What is expected.
When you reach the line containing "Hello, welcome to", begin reproducing the lines exactly and continue through the end of the listing, leaving out the pictures.

[Start of Attachment]

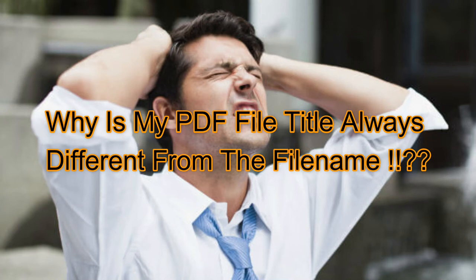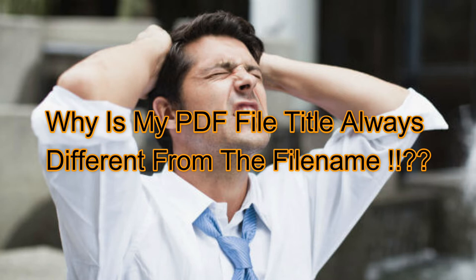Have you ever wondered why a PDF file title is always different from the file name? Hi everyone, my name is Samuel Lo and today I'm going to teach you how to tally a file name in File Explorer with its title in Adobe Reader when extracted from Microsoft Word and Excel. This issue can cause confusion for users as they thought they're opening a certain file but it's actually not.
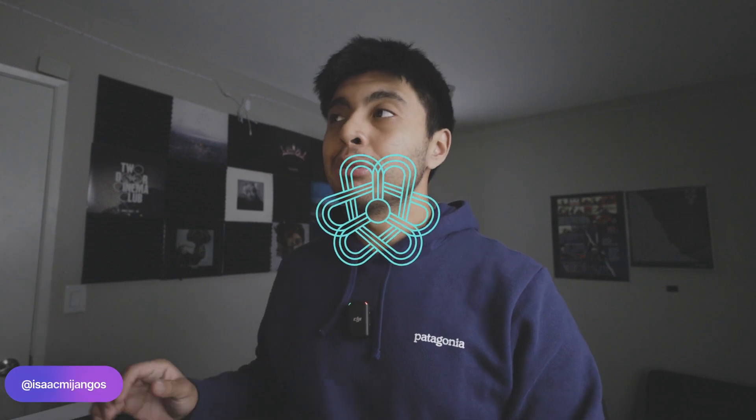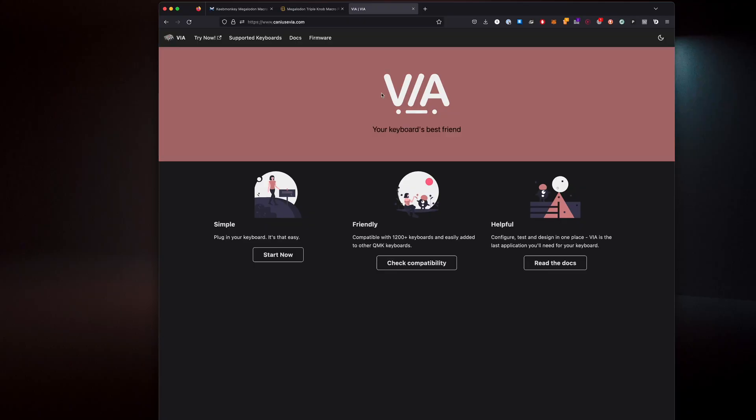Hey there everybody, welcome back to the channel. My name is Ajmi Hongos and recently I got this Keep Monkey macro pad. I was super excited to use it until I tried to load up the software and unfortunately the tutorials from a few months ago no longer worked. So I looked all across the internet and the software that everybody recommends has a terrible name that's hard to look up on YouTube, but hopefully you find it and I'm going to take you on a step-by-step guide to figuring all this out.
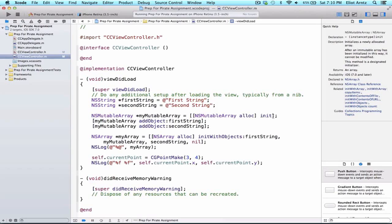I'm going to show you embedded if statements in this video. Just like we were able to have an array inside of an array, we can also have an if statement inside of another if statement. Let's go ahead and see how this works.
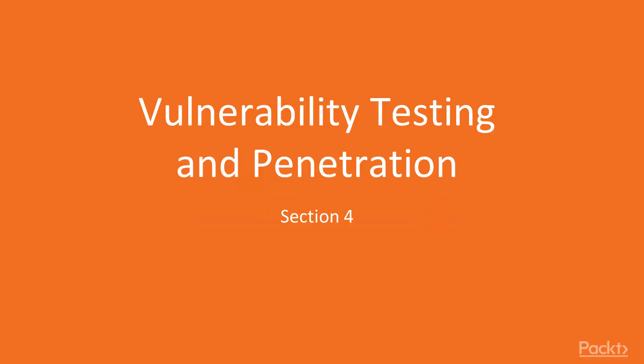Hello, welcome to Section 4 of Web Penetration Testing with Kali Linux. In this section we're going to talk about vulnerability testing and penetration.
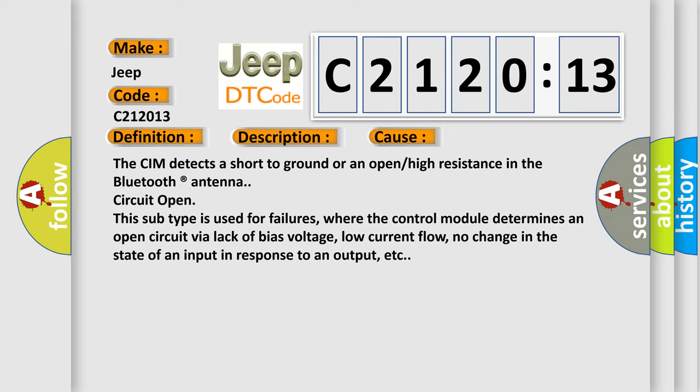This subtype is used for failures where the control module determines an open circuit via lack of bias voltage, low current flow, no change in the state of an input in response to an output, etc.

[End of Attachment]

Task response.
Hello, welcome to Section 4 of Web Penetration Testing with Kali Linux. In this section we're going to talk about vulnerability testing and penetration.
This subtype is used for failures where the control module determines an open circuit via lack of bias voltage, low current flow, no change in the state of an input in response to an output, etc.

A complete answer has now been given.